No Smoking Gun Yet To Justify Magnitude Of Fed Rate-Cuts
Authored by Simon White, Bloomberg macro strategist,
US data from last week were not enough, from the perspective of the economy, to endorse the amount of rate cuts from the Federal Reserve expected by the market.
Payrolls and the jobs data released last week demonstrated why the market – and the Fed – shouldn’t take it too seriously as a real-time snapshot of the labor market.
On the surface, the data was solid next to expectations, but if you go digging you will always find elements to back up a bullish or bearish case.
A more positive interpretation came from the headline data versus what was expected, while the negative view would point out that government played a big part in the rise of payrolls.
Moreover total downward revisions for 2023 are 443,000 (so far – payrolls is typically revised up to two years after the fact).
Either way, it really is not a good reflection of where the labor market is today. Nonetheless, traders love volatility, so it will continue to have market impact. In that case, it makes sense to pay more attention to the more leading aspects of the employment data.

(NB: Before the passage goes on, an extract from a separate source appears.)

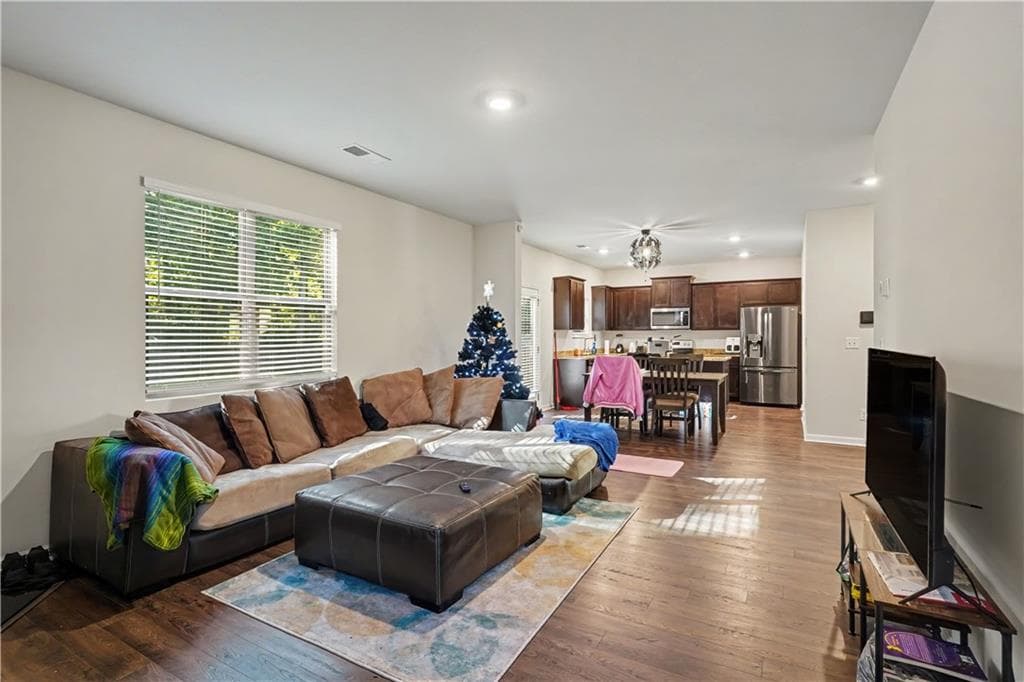 4 bedroom, 3 bathroom, 2,276 sq ft single family residence for sale at 9883 Byrne Drive, Jonesboro, GA 30236 — photo 6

Temporary help services tends to lead the labor market as employers are more likely to hire and fire these people first. Temp help has been contracting since late 2022 but, as I pointed out on Friday, the drop was largely a function of temp help in medical services, and temp medical services is now stabilizing. Average weekly hours worked, also a leading indicator for the labor market, remained at the stable level it has been at for most of the last year.
Overall, the message from the data is of a jobs market that is slowing, but not at an accelerating rate.
That on its own (nor the weaker-than-expected ISM services data on Friday) is not enough to justify the size of the Fed cuts expected by the market (from an economic perspective, however after the bank’s December pivot, there’s good chance its reaction function may have changed).
But higher rates will increasingly bite as the year goes on, increasing the odds of a recession.
As the chart above shows, the US’s peak real rate has been positive from early last year, considerably longer than in Europe and the UK.